Seventeen months after elevated liver enzymes were first detected, the man began to develop complications of severe liver disease—swollen feet, swollen veins in the esophagus (the tube that connects the mouth and stomach). Fluid began to accumulate in his abdomen as his liver continued to degrade. He later received a liver transplant. When surgeons were removing his liver they found that it was shrunken and severely scarred.
Doctors reported that his recovery after transplantation was slow but he has remained well nearly three years after this surgery.
The three other cases
The three other men had CD4+ counts between 200 and 442 cells and low viral loads (less than 300 copies) due to ART.
Additionally, here are key features of the three other cases:
- Elevated levels of liver enzymes were detected through routine laboratory testing. Prior to their elevation, liver enzyme levels were within the normal range.
- The men disclosed having had unprotected receptive intercourse with multiple men in the past year.
- The research team emphasized the ages of the four men—between 39 to 55 years—at the time of HCV diagnosis. This is important because in studies of people who inject street drugs, HCV infection usually occurs between the ages of 20 and 30 years.

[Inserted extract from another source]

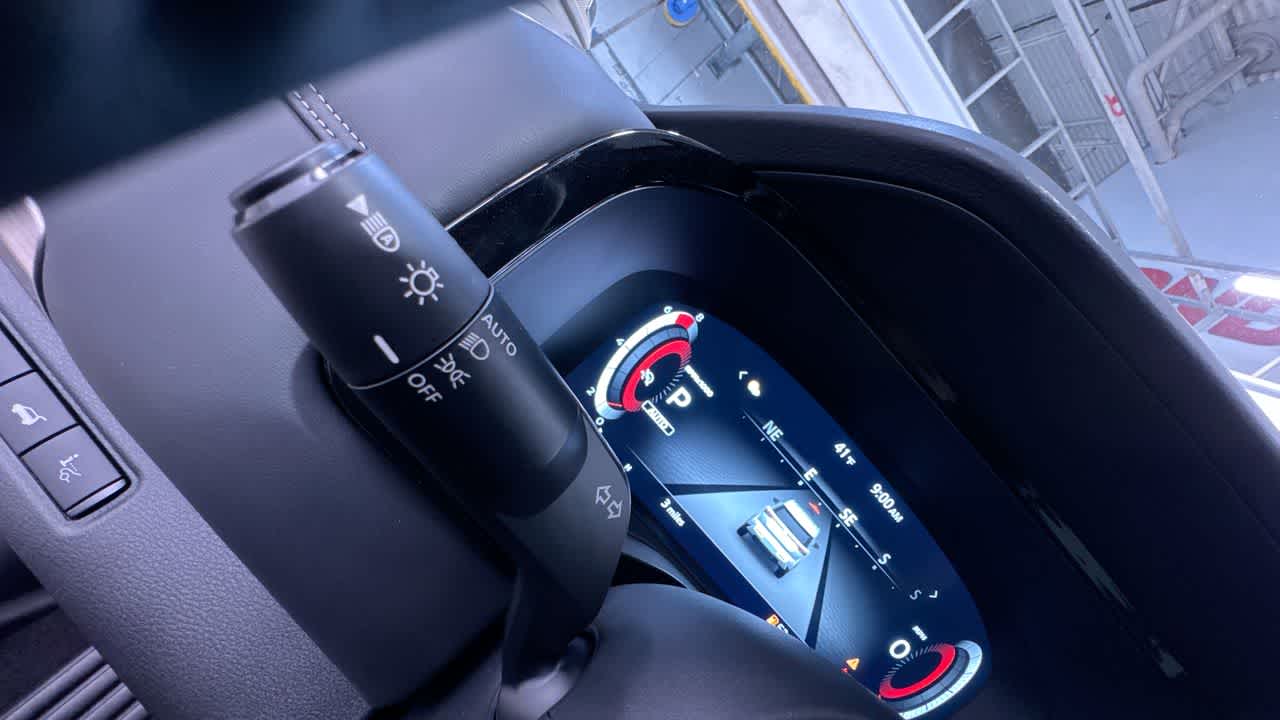 new 2025 Nissan Pathfinder car, priced at $44,293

They raise this point to underscore the fact that all four men were unlikely to have engaged in regular injection of street drugs.

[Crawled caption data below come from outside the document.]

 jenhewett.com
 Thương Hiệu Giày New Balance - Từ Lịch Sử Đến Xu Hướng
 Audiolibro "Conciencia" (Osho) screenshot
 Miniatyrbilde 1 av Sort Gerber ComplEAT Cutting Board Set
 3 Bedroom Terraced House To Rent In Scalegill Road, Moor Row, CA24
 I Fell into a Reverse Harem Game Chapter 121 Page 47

- Liver biopsy revealed severe liver damage a few years after HCV infection. The pathologist examining the biopsy samples was able to rule out pre-existing fibrosis from alcoholism or exposure to certain anti-HIV drugs commonly called “d-drugs”—d4T (stavudine, Zerit) and ddI (didanosine, Videx).
- It is possible that the four men could have been infected with HCV for several years before this infection was diagnosed. However, the doctors noted that such stealthy infections are rare in patients with normal levels of liver enzymes, even when CD4+ cell counts are low.

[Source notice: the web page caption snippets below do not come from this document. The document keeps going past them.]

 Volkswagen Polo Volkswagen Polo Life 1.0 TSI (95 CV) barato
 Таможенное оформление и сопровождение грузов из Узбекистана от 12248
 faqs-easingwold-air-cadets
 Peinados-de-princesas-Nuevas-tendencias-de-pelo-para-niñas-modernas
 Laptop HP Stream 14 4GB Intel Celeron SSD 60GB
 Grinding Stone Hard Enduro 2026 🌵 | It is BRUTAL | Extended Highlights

What caused the rapid pace of liver damage?
The doctors are not certain as to the precise cause(s) of the rapid rate of liver damage in these cases of co-infection. However, they strongly suspect that immune deficiency likely played a role. They base this idea on reports by other doctors treating patients with immune deficiencies, some of which were unrelated to HIV, where HCV co-infection was also associated with a rapid course of liver damage.
The research team cannot rule out the presence of a possible, as yet unrecognized co-factor (perhaps another germ) that the men may have had that could have accelerated the rate of liver damage. Three of the men were from New York and the fourth was from San Diego, and so the doctors noted that accelerated liver damage is not restricted to one region.
Now and in the future
The present report, while small, should serve to alert HIV-positive people, healthcare providers, clinics and counsellors who specialize in dealing with HCV and sexually transmitted infections (STIs) about the risks of unprotected anal intercourse. Eight years ago, doctors in the Netherlands reported the outbreak of another STI, lymphogranuloma venereum (LGV), chiefly among HIV-positive men. This infection was also spread by unprotected anal intercourse. That outbreak of LGV quickly spread through sexual networks to other MSM in Western Europe, the U.S. and Canada.
The U.S team states that more research is needed to better understand the reasons underpinning “this devastating rate of liver damage” in HIV-HCV co-infection. However, social scientists also need to become involved in trying to find ways to help HIV-positive men lead healthier lives. This is likely to become an international issue, as a recent report suggests that the behaviours that led to co-infection in the U.S. study are also an issue in other countries.